Boycott des consommateurs
A Naraha, la pêche a été inexistante durant quatre ans. Elle n’a repris que l’an dernier, timidement, grâce aux subventions obtenues par la coopérative auprès de Tepco. Après avoir effectué des tests sur différentes sortes de poissons, Kentaro Suzuki, patron de la coopérative qui emploie trois personnes, s’est concentré sur les saumons. «C’est la seule variété de poisson avec des niveaux de radioactivité respectant les normes pour pouvoir être commercialisés. Nous élevons 1,4 million de bébés saumon en bassin avant de les relâcher dans les rivières, contre 12 millions avant la catastrophe de Fukushima. C’est grâce à cette activité que nous pouvons obtenir des subventions. L’an dernier, entre octobre et décembre, soit la haute saison pour notre activité, nous avons engagé 20 collaborateurs, soit environ trois fois moins qu’en 2010. Nous attendrons trois ou quatre ans avant que les saumons reviennent là où nous les avons relâchés et nous les pêcherons», explique-t-il.

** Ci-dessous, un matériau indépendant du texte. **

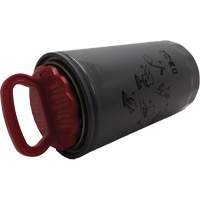 Trousse d'entretien Cummins Moffatt Supply & Specialties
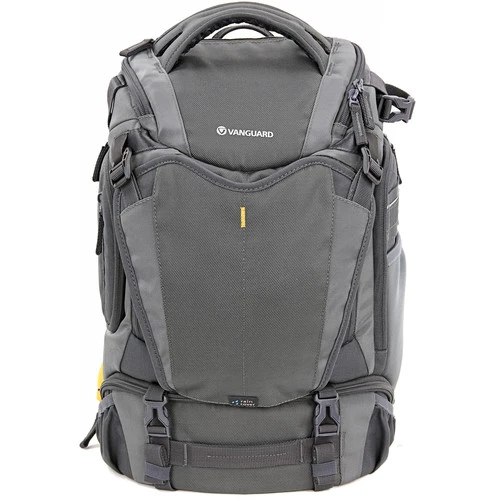 Vanguard Alta Sky 45D Camera Backpack Black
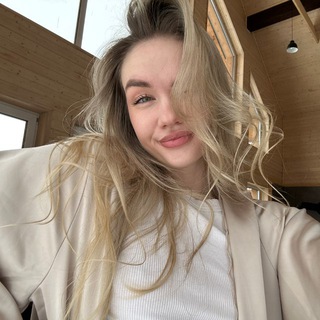 Логотип @air777333 - air🪽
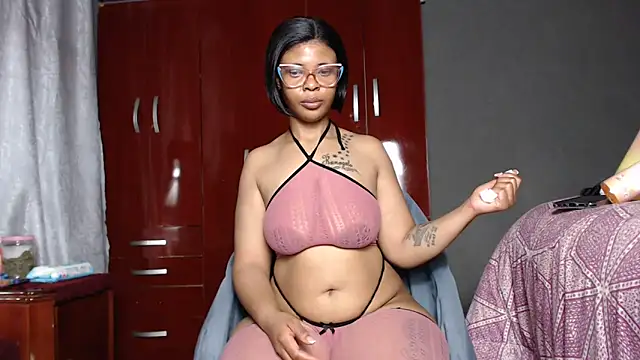 DiamondHaze2 online show from September 24, 11:19 pm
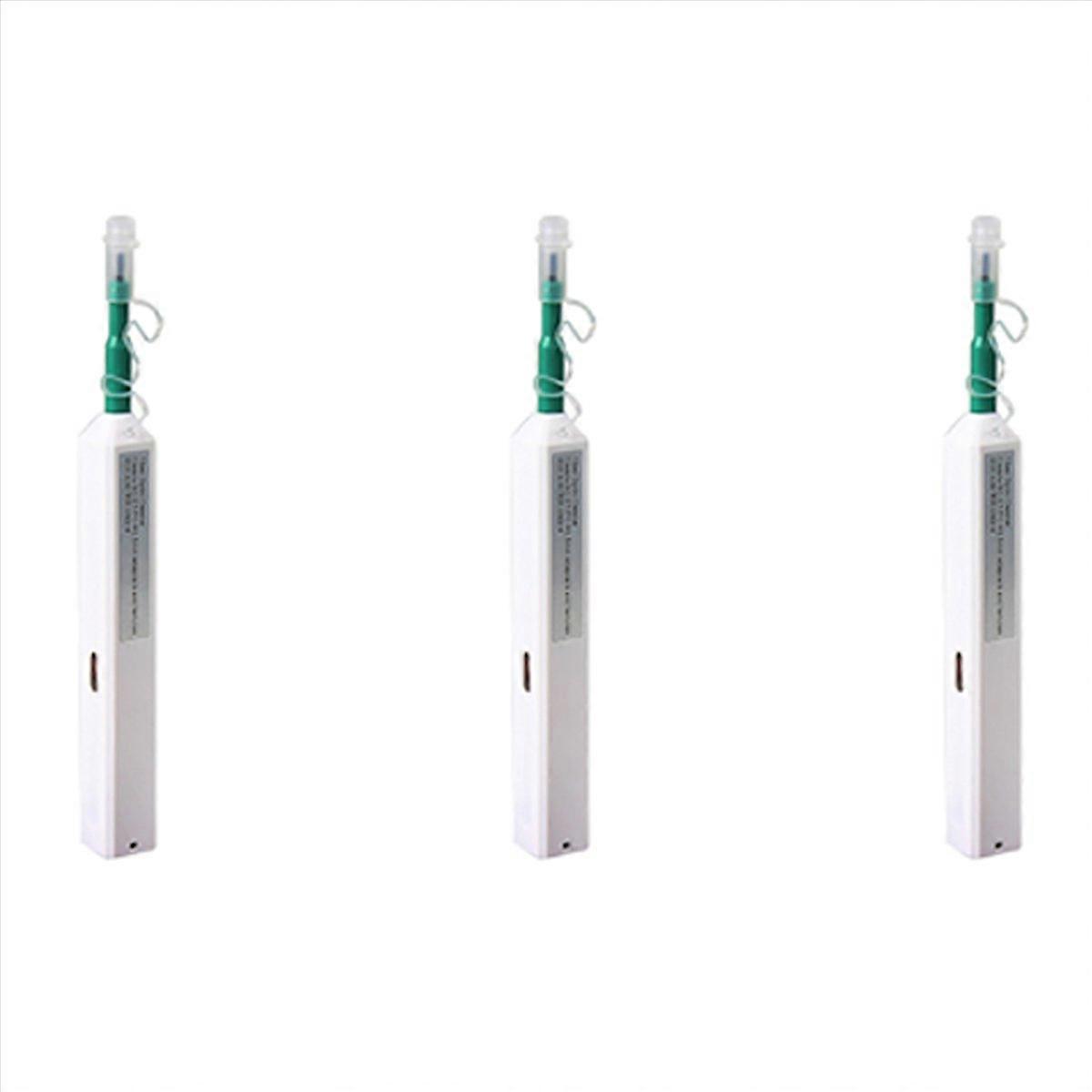 SC/FC/ Cleaning Tool 2.5Mm Fiber Optic Cleaner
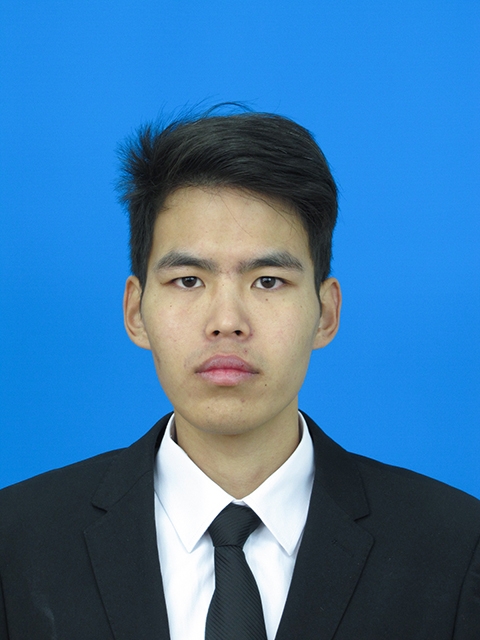 雨雨的第一张照片--汕头相亲服务中心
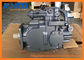 Toshiba PVC90R Excavator Hydraulic Pump for  E307D YUCHAI YC85 LIUGONG 907 908 SK75 XCMG 80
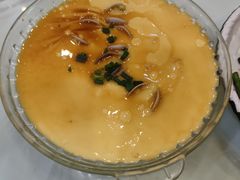 -碧海银沙海鲜餐厅(恒大海上威尼斯店)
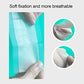 Buy now ZJchao Baby Auricle Valgus Correction Patch, Newborn Baby Ear Aesthetic Correctors Kids Infant Protruding Ear Patch Stickers, Children Ear Correction, Baby Silicone Gel Ear Tape 4cmx50cm at indiglob india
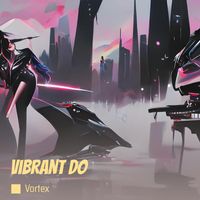 Vortex - Vibrant Do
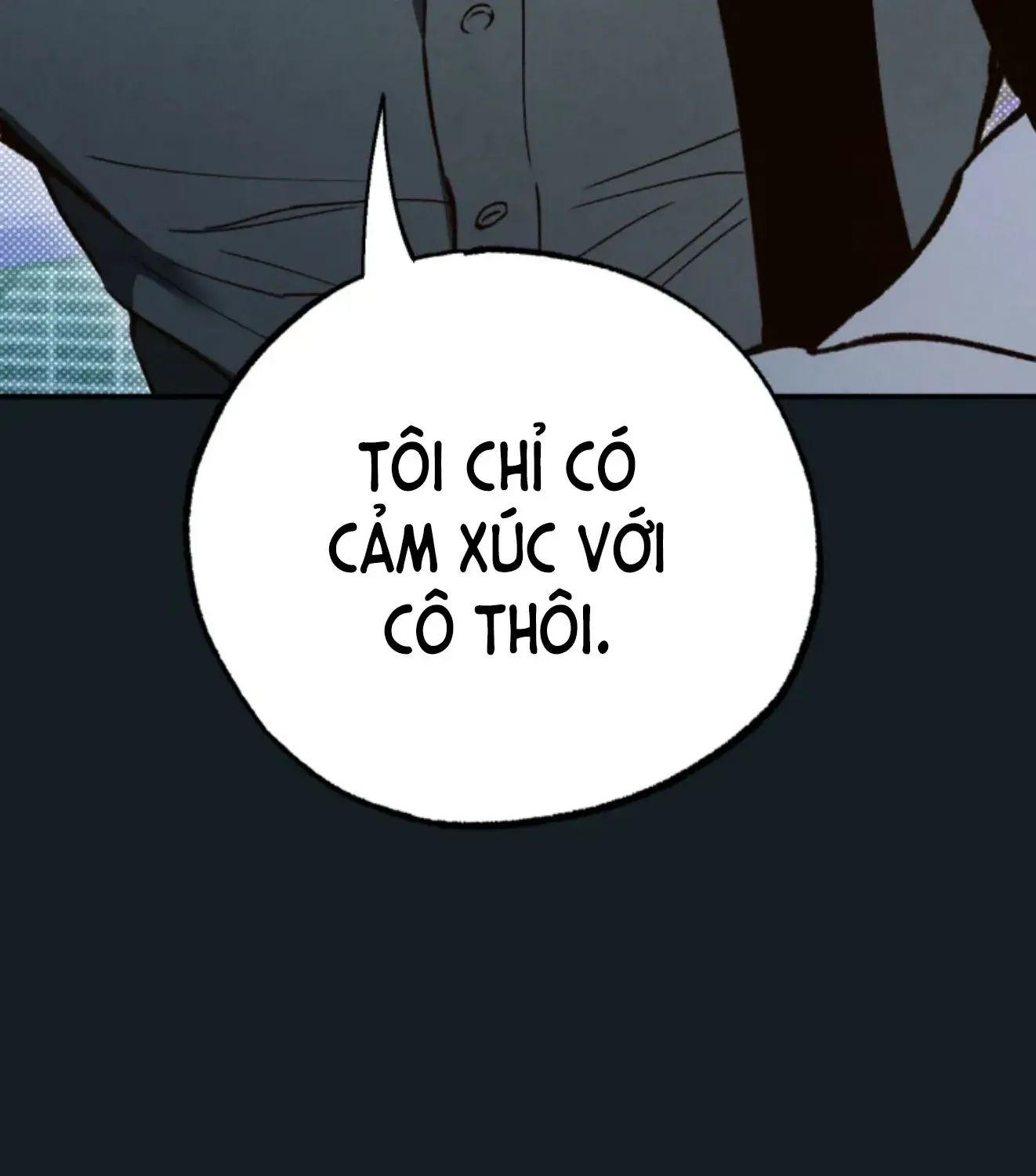 Trang 186
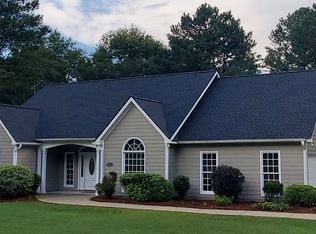 4023 Wimberly Rd, Auburn, AL 36832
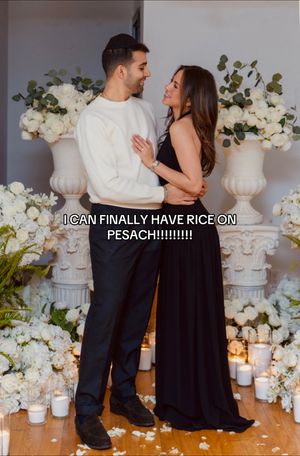 Video post by @anyaweitz on TikTok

Mais pour Kentaro Suzuki, l’image des produits de la région a été fortement détériorée à cause de l’accident nucléaire. Même si le taux de radioactivité respecte les normes, les consommateurs n’achètent pas les produits qui viennent de la région.
100 000 évacués
En dehors de la pêche, trois entreprises envisagent de s’implanter à Naraha. Son maire semble toutefois privilégier la reconstruction de logements. Après cinq ans sans occupants, un millier de maisons sont devenues inhabitables, en plus de celles détruites par le tsunami et le tremblement de terre. «Nous avons démarré un plan de construction de 130 maisons et je veux qu’elles soient terminées cette année pour permettre aux anciens habitants de Naraha de revenir», ambitionne Yukiei Matsumoto.
Cinq ans après la catastrophe, près de 100 000 personnes de la préfecture de Fukushima n’ont pas encore pu regagner leurs foyers. Environ 19 000 d’entre elles vivent dans des logements préfabriqués.